■ **Required work**
With pictures excluded, copy word for word the lines in the data below from the line containing "Ancien mortier +" through the line containing "Warmth Falbala Design".

■ **Material shown**

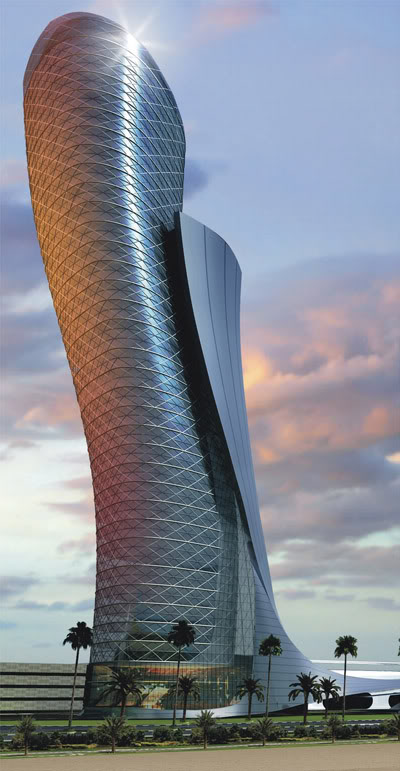 Capital Gate in Abu Dhabi by RMJM
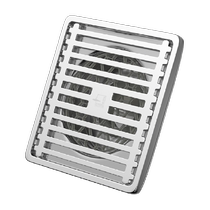 Submarine anti-odor floor drain 304 stainless steel toilet bathroom anti-reflection sewer universal ultra-thin shower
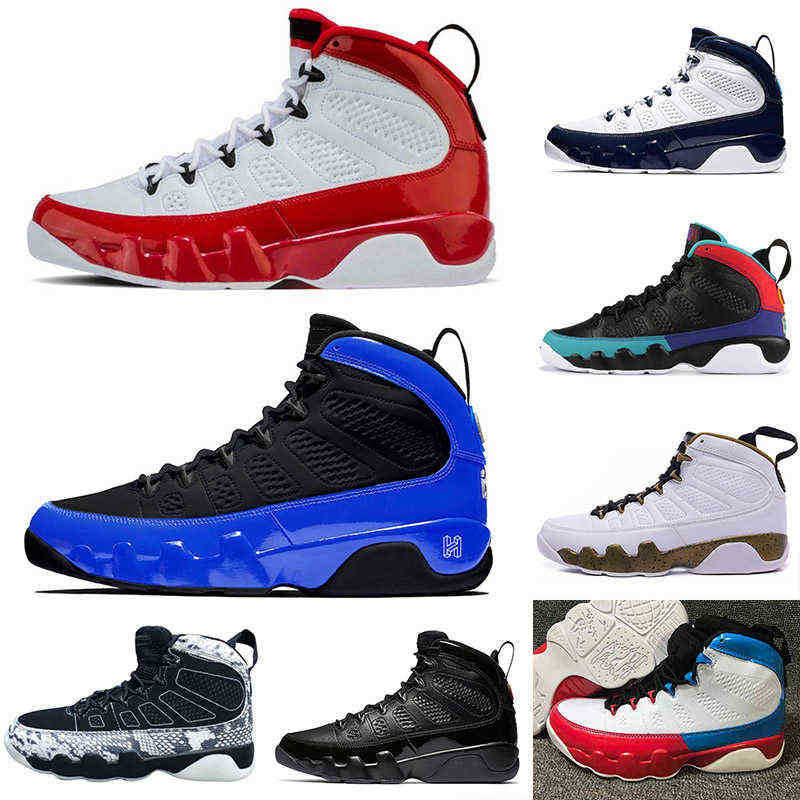 

9 9s IX Jumpman 23 Men Outdoor Shoes Gym Red 3M Racer Blue UNC OG Space Jam release Bred Traine air JORDON jordens, C1 gym red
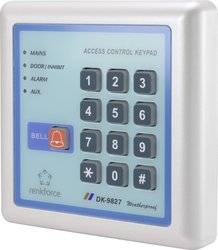Cyfrowy zamek kodowy Renkforce 1582598, 12 V, IP65, z podświetlaną klawiaturą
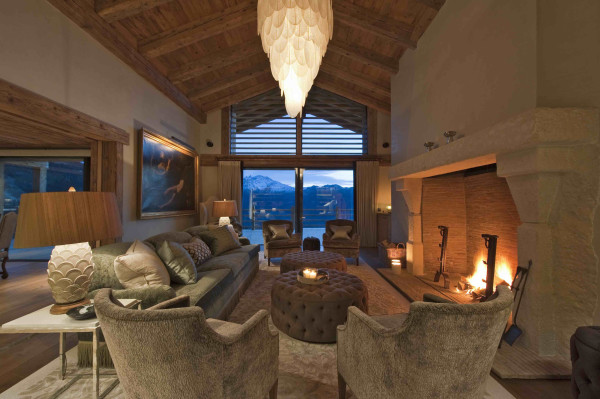 villa in Verbier : Rent estate comprised of 2 luxury chalets in Verbier with spa as well as a chalet for staff - Photo 5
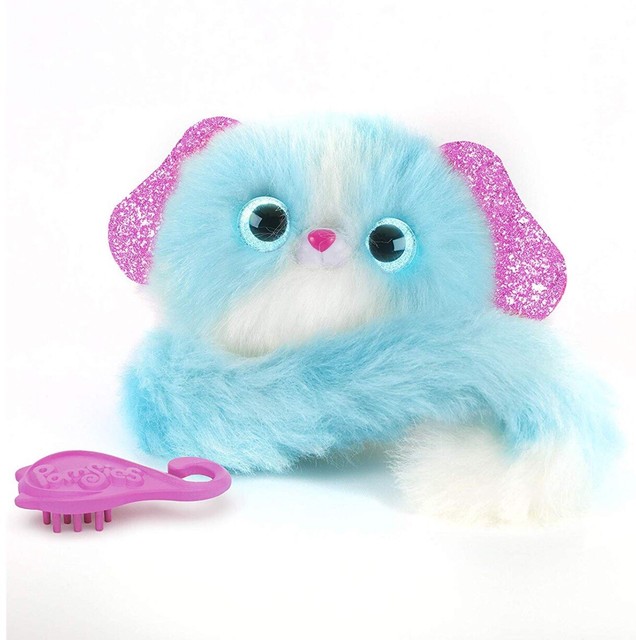 LULU Pomsies Pom Pom Plush Interactive Pet Blue White Color Change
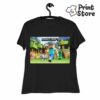 Crna ženska majica MInecraft, možete pronaći ostale modele u online prodavnici Print Store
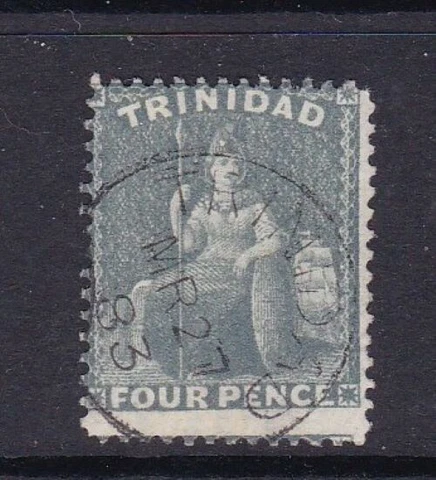 Trinidad & Tobago - SG 102 - f/u - 1882 - 4d - Grey Cover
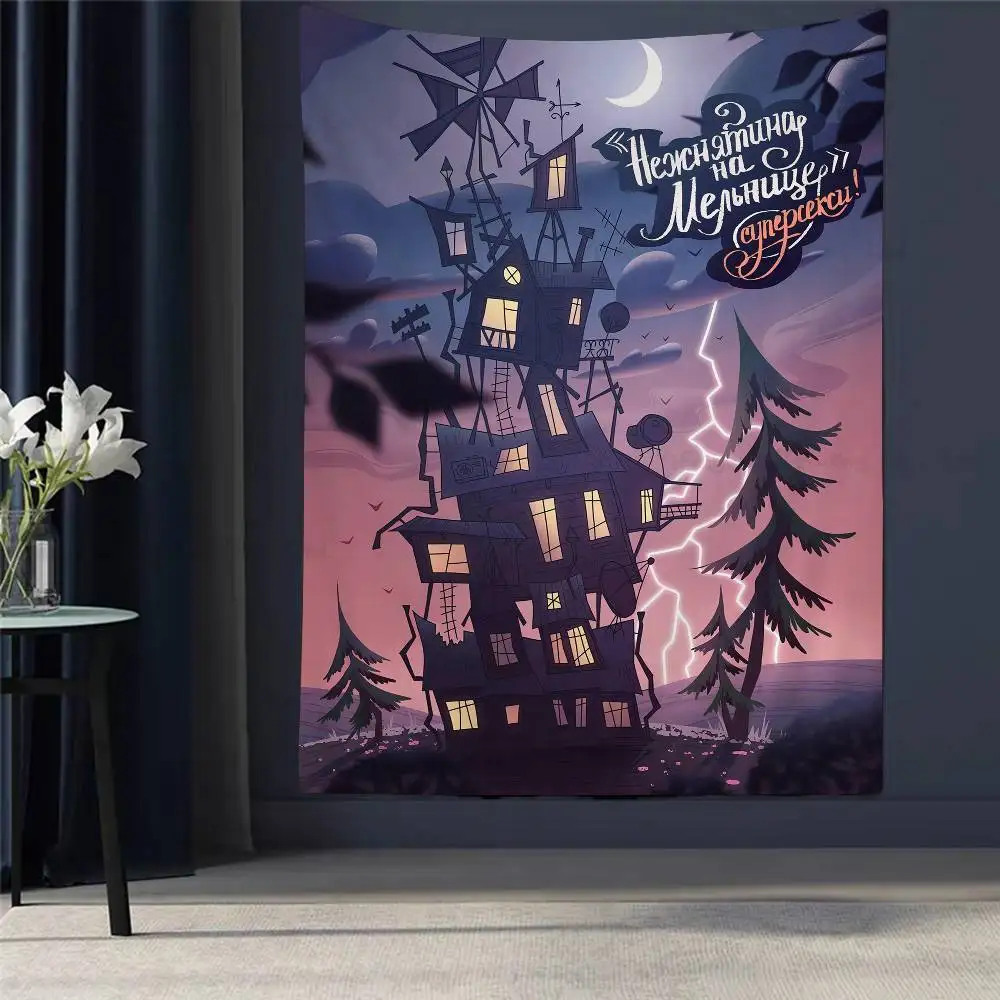 

Game HELLO N-NEIGHBOR Chart Tapestry Bohemian Wall Tapestries Mandala Wall Art Decor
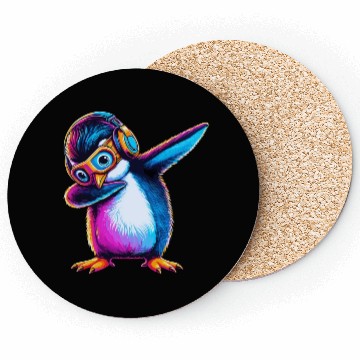 Discover Dabbing Penguin - Hilarious Coasters for Dab Enthusiast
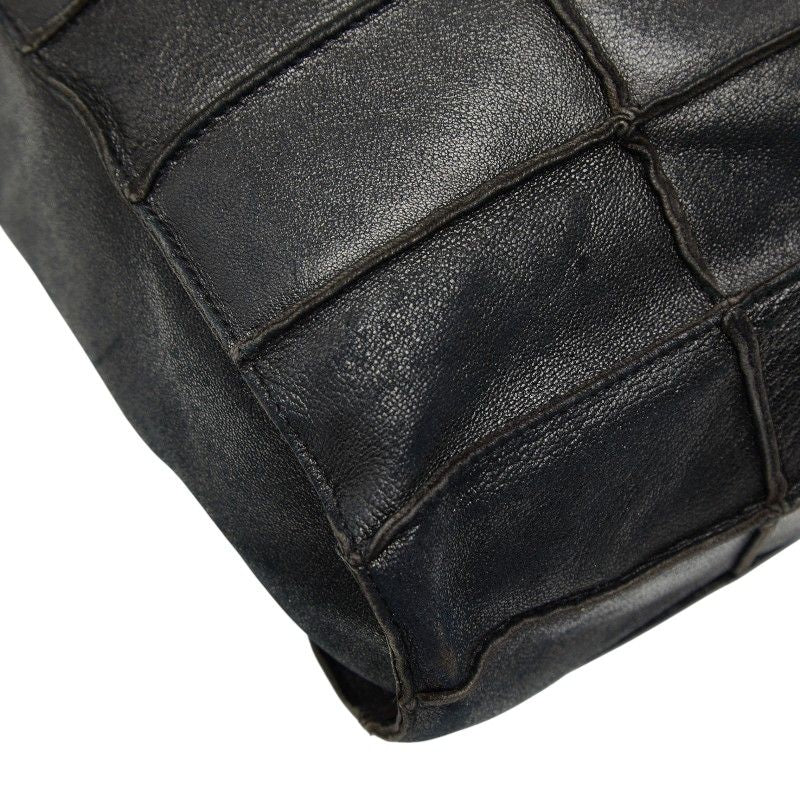 Chanel Choco Bar Black Leather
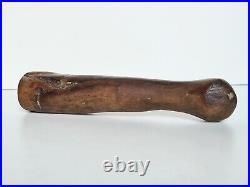 Ancien mortier + pilon en bois sculpté Océanie Africain Afrique 100% d´origine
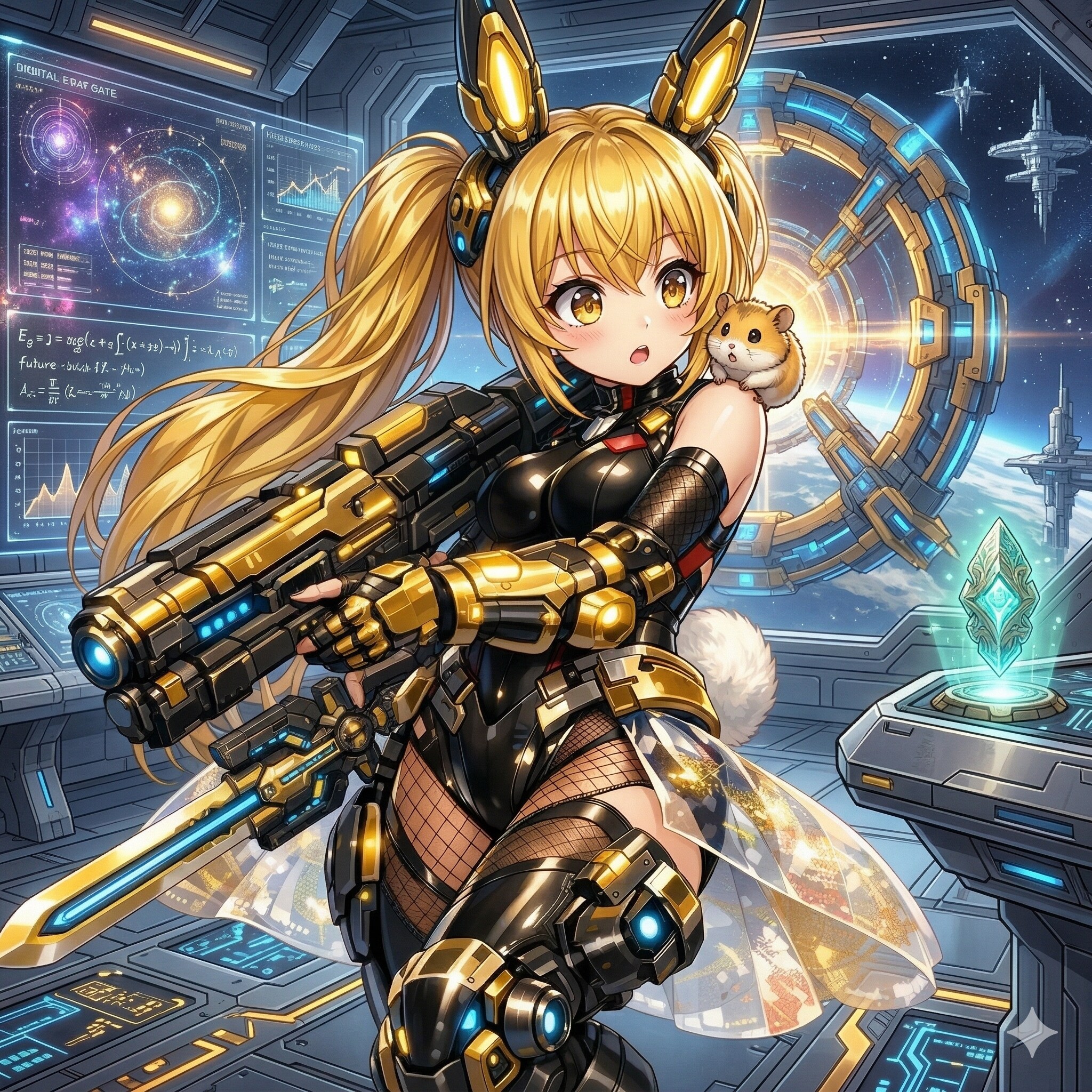 [がぞうください] ソラ・ゴールデンラビットちゃんが何かを見つけたようです | の人気AIイラスト・グラビア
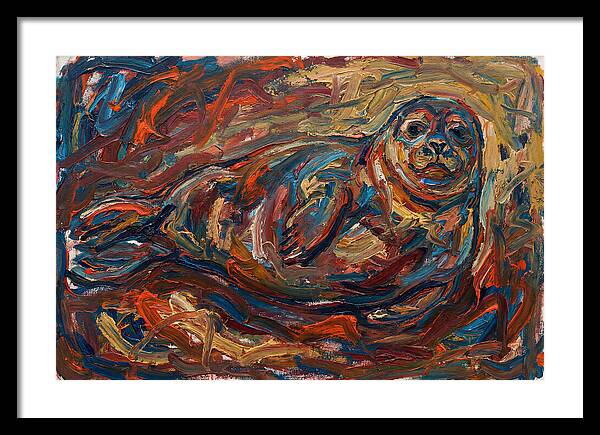 Seal In Expressionist Style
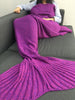 Warmth Falbala Design Knitted Mermaid Tail Shape Blanket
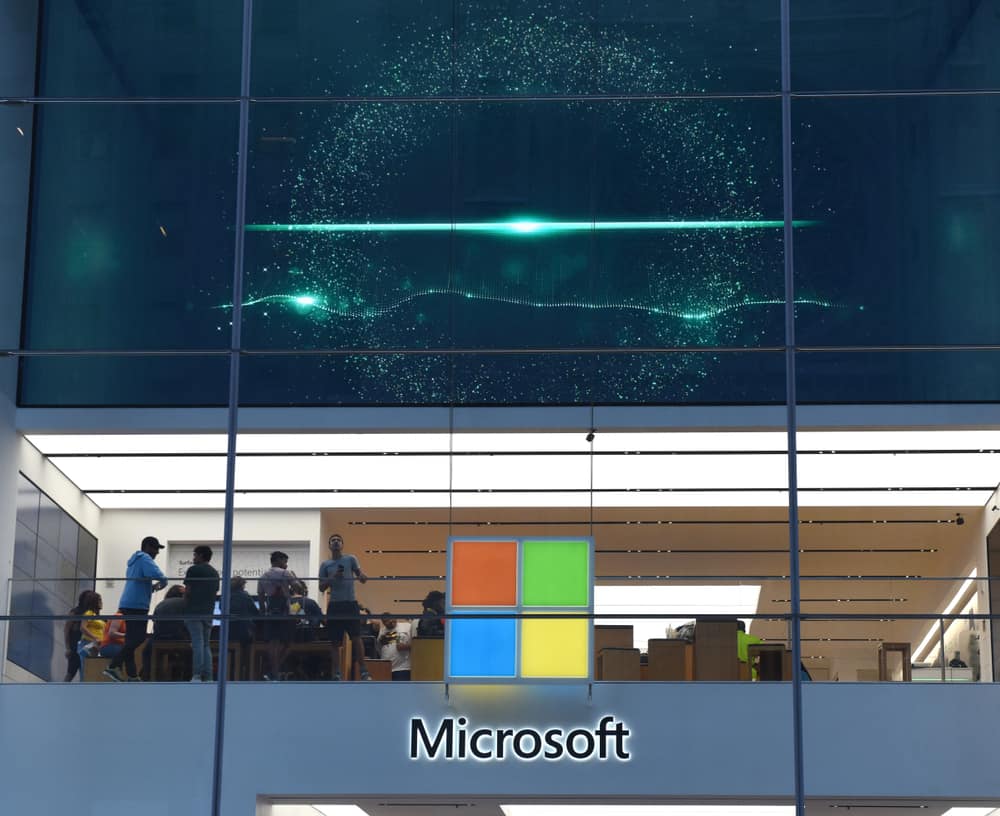 New York, USA - May 25, 2018 Microsoft store on Fifth Avenue in New York City. Source: shutterstock.com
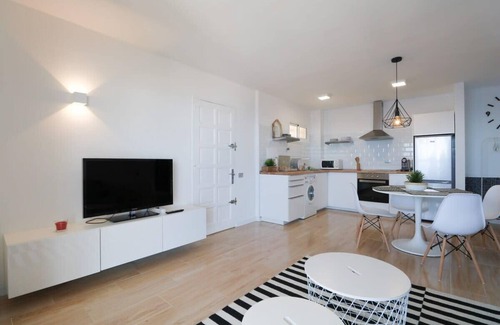 Tabaiba Apartment | Scenic Tabaiba Ocean View Apartment with Full Kitchen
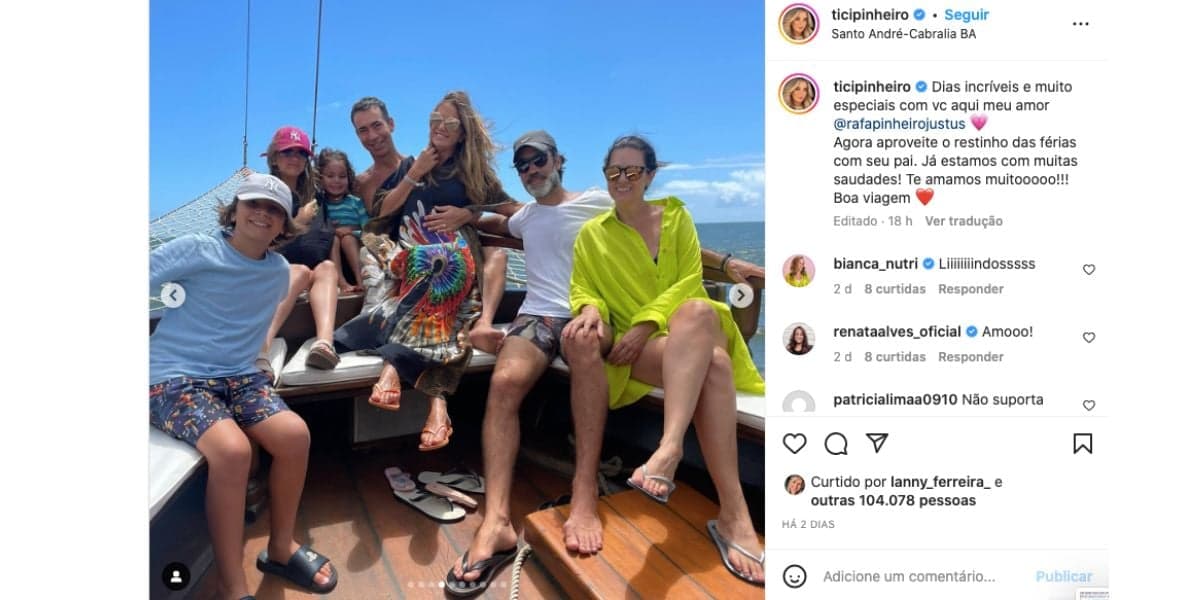 Ticiane Pinheiro compartilha clique raro de César Tralli fora da Globo e fotos provam que jornalista é descontraído no dia a dia, uma vez que está de shorts (Foto: Reprodução / Instagram) Ticiane Pinheiro compartilha clique raro de César Tralli fora da Globo e fotos provam que jornalista é descontraído no dia a dia, uma vez que está de shorts (Foto: Reprodução / Instagram)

■ **Response to the exercise**
 Ancien mortier + pilon en bois sculpté Océanie Africain Afrique 100% d´origine
 [がぞうください] ソラ・ゴールデンラビットちゃんが何かを見つけたようです | の人気AIイラスト・グラビア
 Seal In Expressionist Style
 Warmth Falbala Design Knitted Mermaid Tail Shape Blanket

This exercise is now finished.